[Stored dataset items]
******

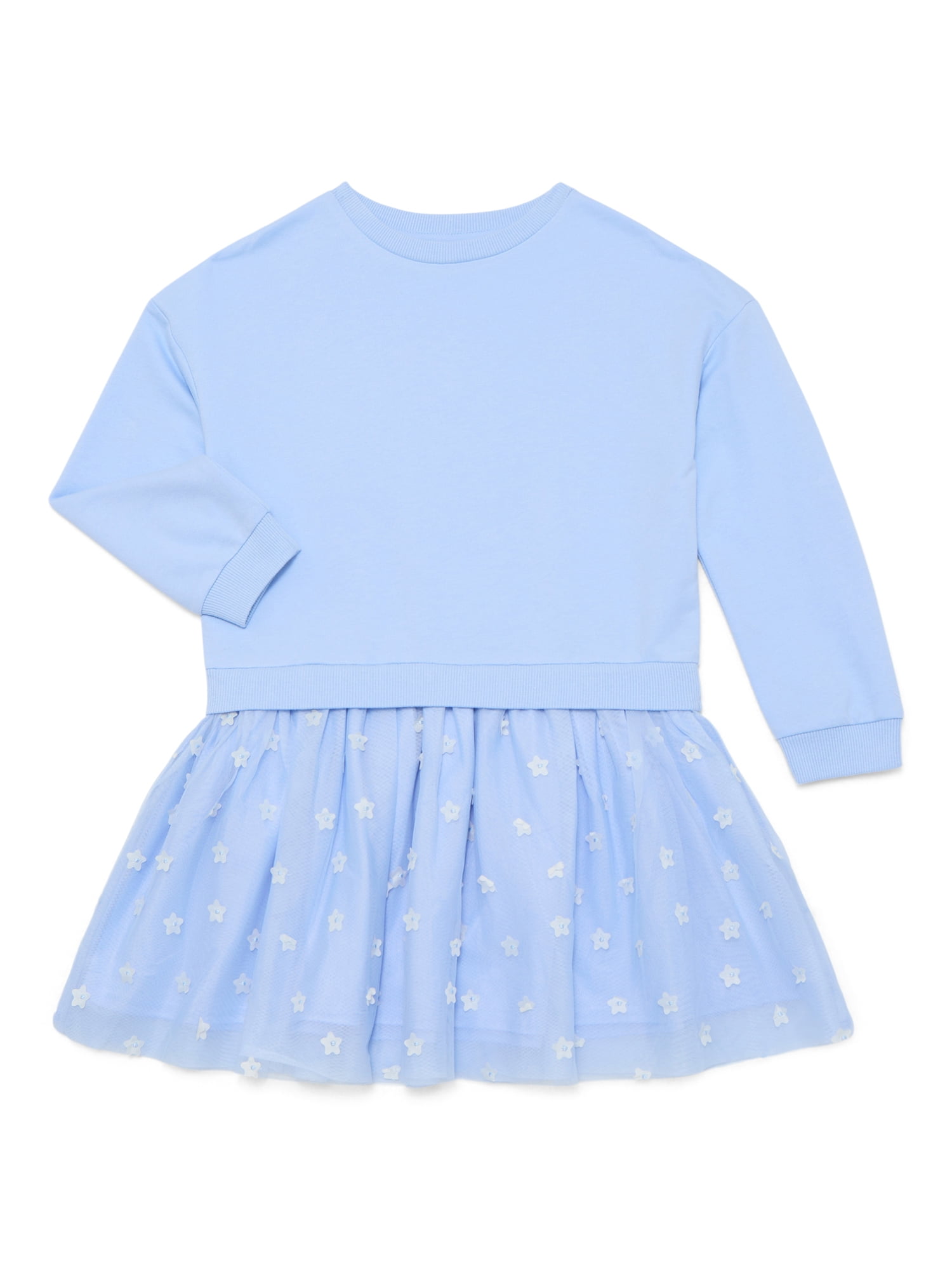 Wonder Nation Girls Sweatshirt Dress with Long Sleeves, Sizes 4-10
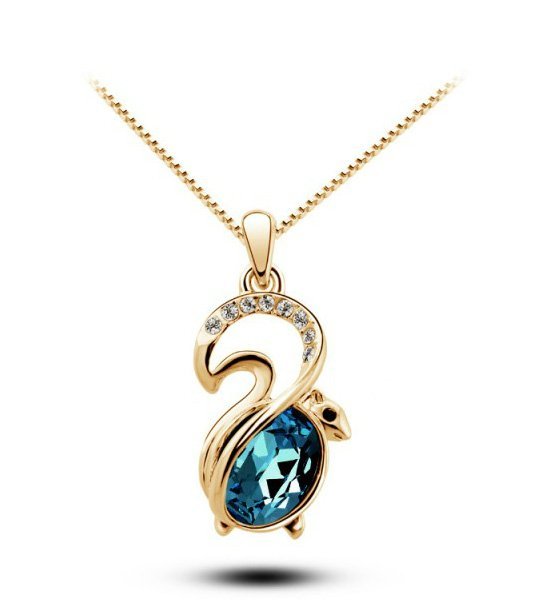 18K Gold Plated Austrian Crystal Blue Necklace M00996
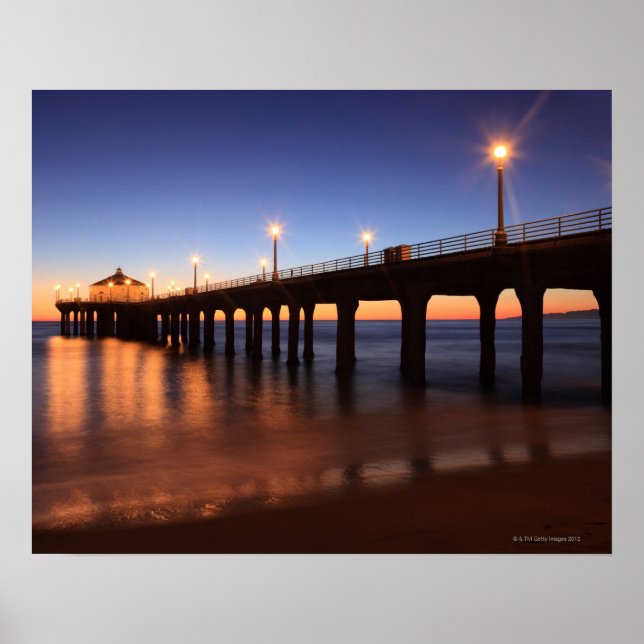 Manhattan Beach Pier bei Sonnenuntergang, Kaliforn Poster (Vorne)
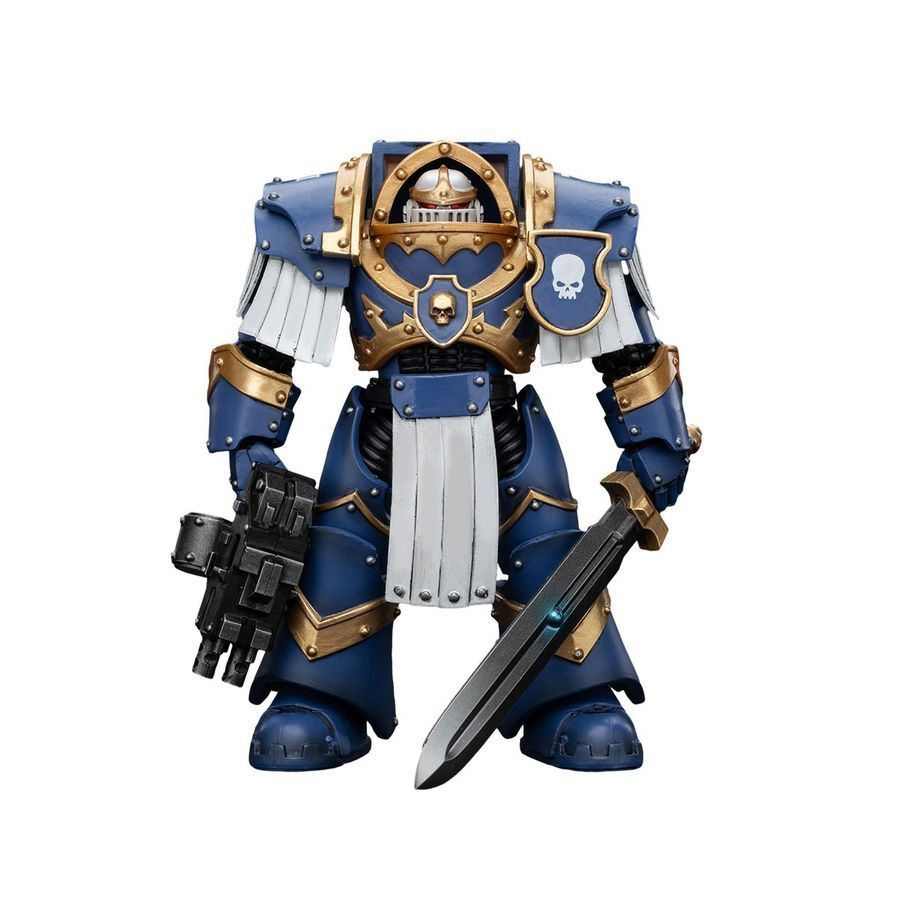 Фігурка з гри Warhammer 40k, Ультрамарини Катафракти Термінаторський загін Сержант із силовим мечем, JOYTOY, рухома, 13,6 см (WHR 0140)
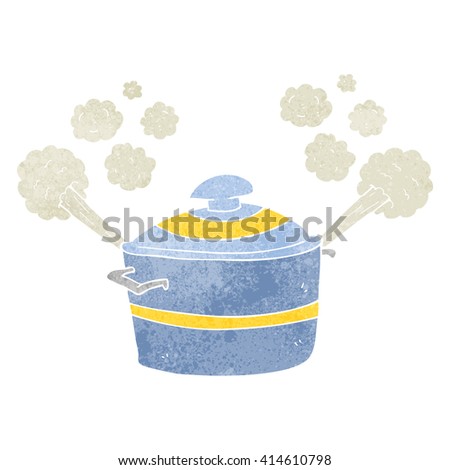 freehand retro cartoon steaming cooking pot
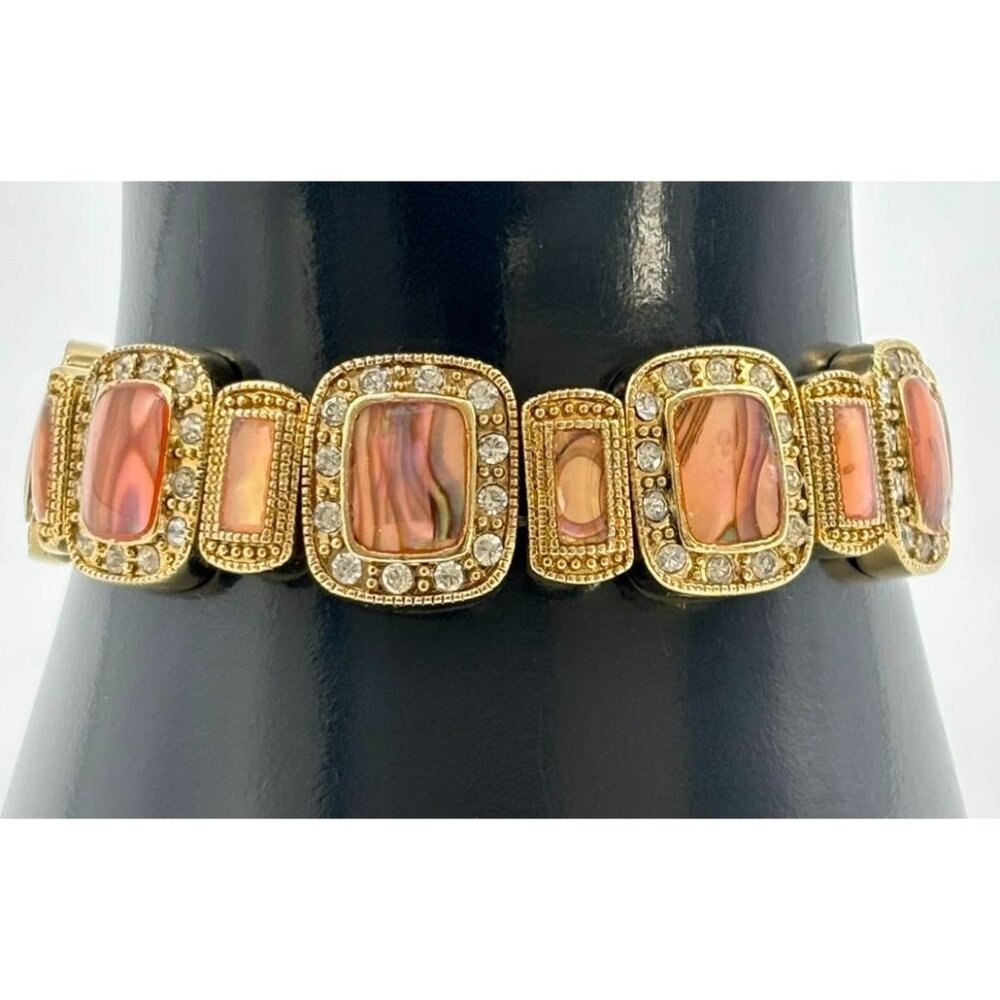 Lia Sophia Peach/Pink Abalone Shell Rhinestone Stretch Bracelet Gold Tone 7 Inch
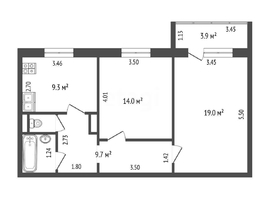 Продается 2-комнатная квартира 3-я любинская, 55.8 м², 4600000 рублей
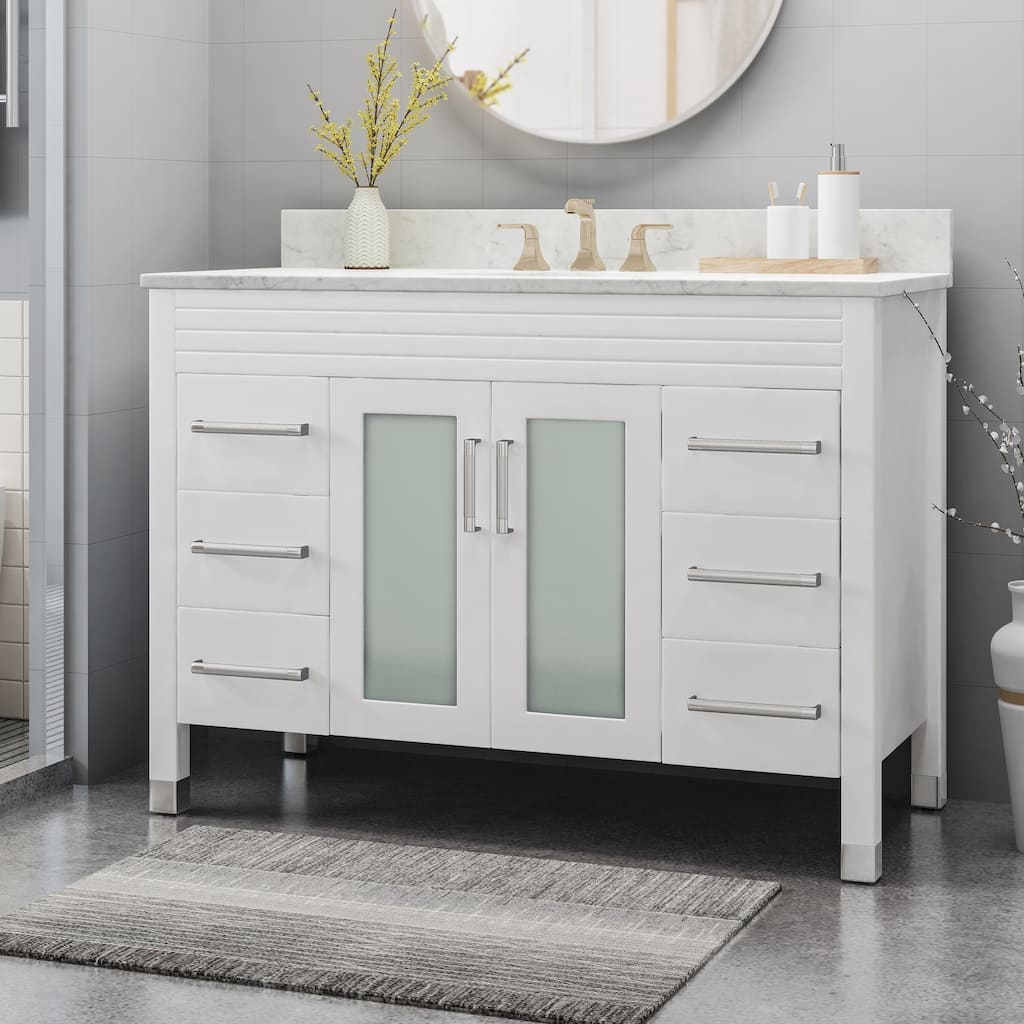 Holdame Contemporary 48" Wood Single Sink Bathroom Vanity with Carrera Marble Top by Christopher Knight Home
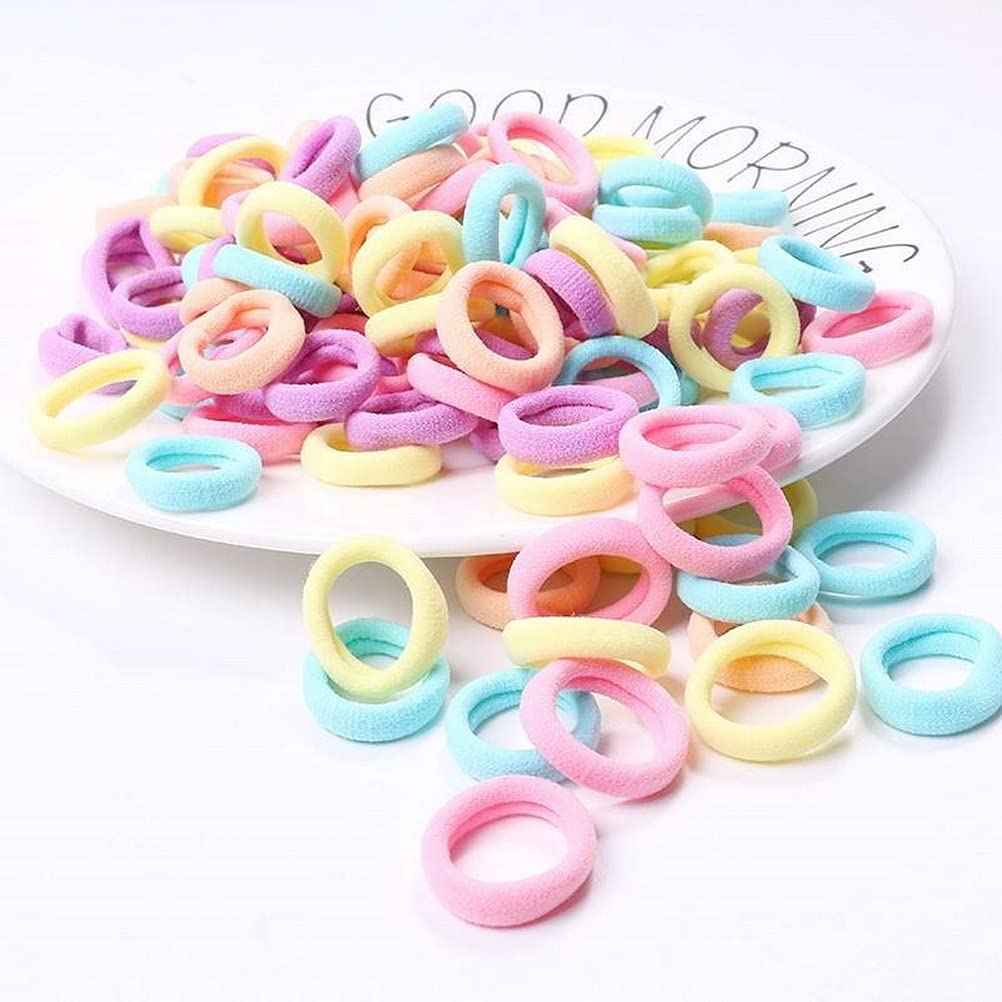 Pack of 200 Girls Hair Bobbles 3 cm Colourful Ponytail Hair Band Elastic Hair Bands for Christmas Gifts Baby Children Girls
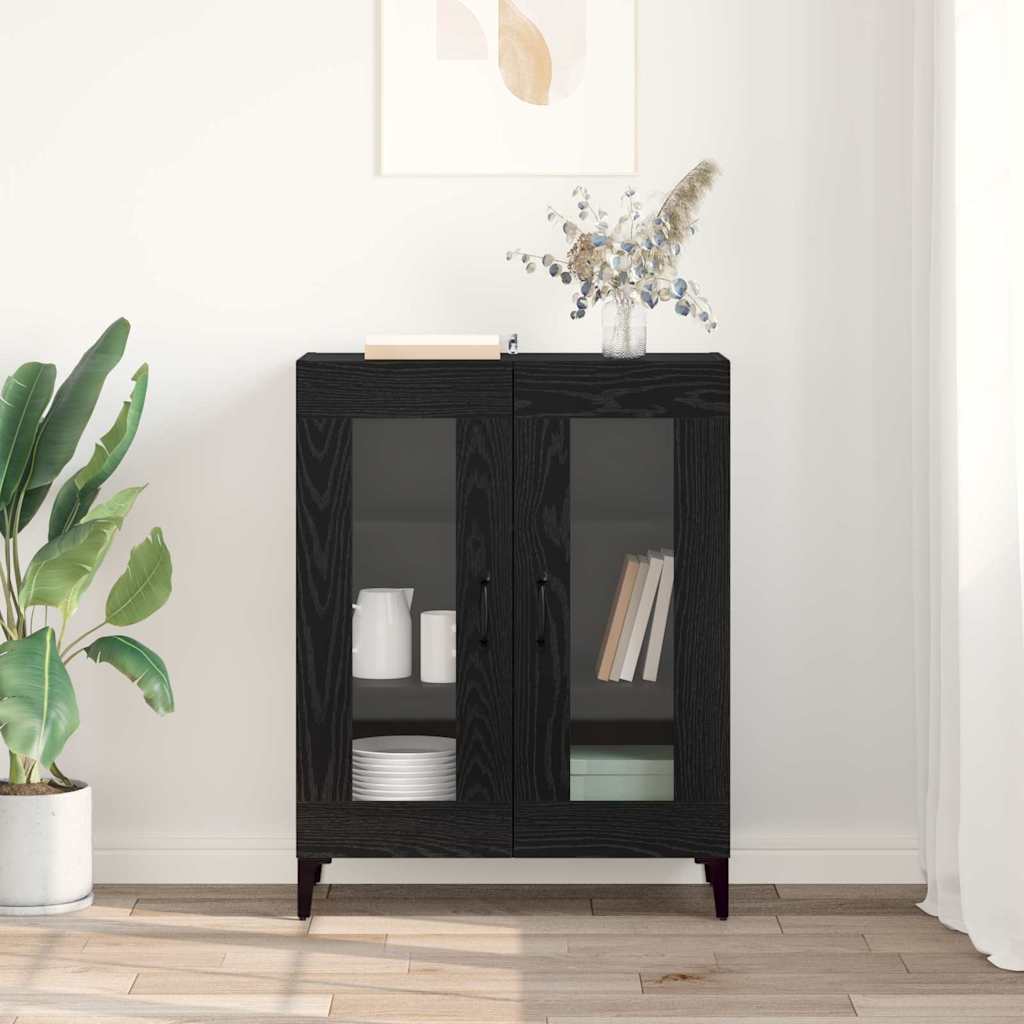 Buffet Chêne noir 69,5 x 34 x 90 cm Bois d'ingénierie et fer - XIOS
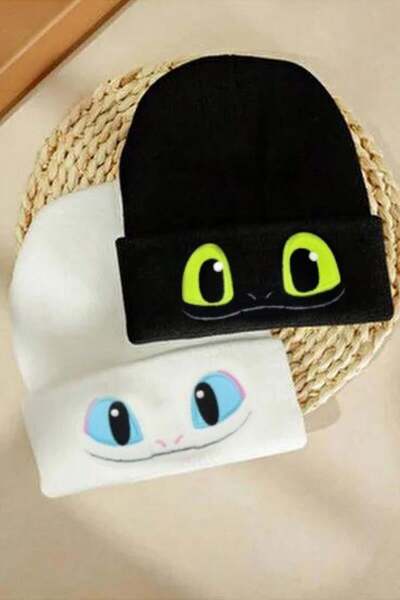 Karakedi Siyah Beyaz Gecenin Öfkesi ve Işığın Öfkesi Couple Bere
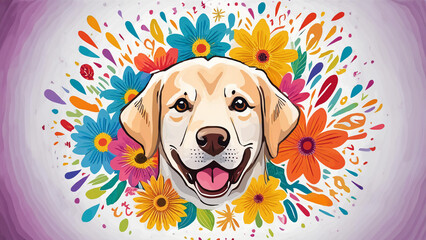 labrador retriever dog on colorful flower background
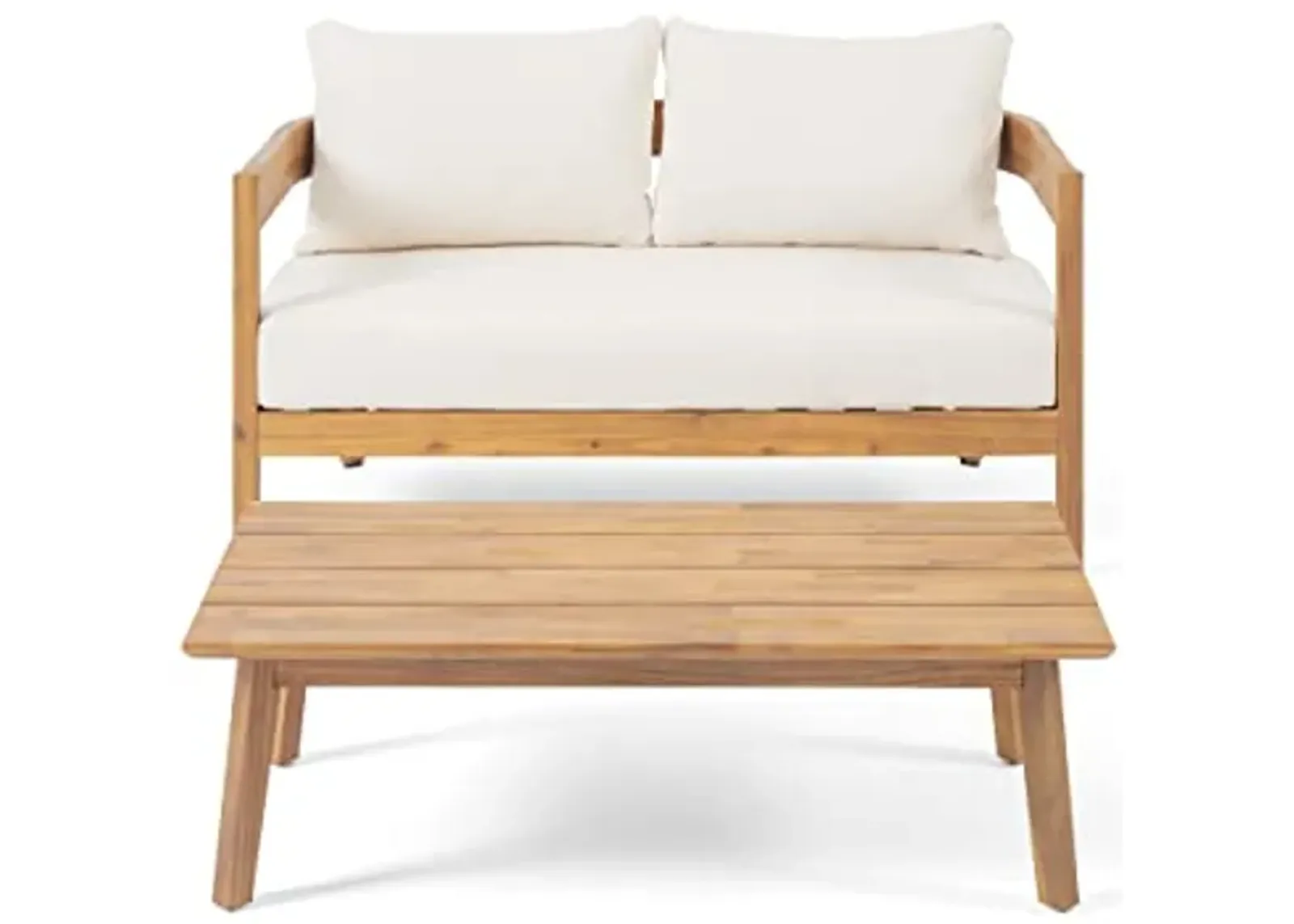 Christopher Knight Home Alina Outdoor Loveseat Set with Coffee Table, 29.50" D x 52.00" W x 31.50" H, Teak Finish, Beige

******

[The task] Your answer should consist solely of the lines from the one with "labrador retriever dog" through the last line of the entries, restated word for word, with the pictures omitted.

[Expected answer]
 labrador retriever dog on colorful flower background
 Christopher Knight Home Alina Outdoor Loveseat Set with Coffee Table, 29.50" D x 52.00" W x 31.50" H, Teak Finish, Beige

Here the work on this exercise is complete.